Task objective: Only the lines from the one containing "Rustic Bronze Metal" to the end of the material belong in your answer. Please copy them word for word.

Information provided:
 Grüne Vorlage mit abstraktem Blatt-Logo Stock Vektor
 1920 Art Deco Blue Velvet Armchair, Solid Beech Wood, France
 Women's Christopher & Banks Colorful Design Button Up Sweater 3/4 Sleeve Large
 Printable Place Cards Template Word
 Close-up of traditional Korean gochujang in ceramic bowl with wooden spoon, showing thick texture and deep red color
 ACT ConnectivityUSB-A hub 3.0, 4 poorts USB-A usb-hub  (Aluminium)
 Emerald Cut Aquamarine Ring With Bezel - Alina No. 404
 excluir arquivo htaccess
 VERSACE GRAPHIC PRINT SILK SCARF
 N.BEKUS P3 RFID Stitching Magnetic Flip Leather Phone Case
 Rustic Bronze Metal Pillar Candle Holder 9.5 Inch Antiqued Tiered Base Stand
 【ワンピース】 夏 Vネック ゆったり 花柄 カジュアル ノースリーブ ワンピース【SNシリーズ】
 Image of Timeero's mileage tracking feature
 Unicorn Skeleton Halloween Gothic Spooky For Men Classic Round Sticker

Output of the task:
 Rustic Bronze Metal Pillar Candle Holder 9.5 Inch Antiqued Tiered Base Stand
 【ワンピース】 夏 Vネック ゆったり 花柄 カジュアル ノースリーブ ワンピース【SNシリーズ】
 Image of Timeero's mileage tracking feature
 Unicorn Skeleton Halloween Gothic Spooky For Men Classic Round Sticker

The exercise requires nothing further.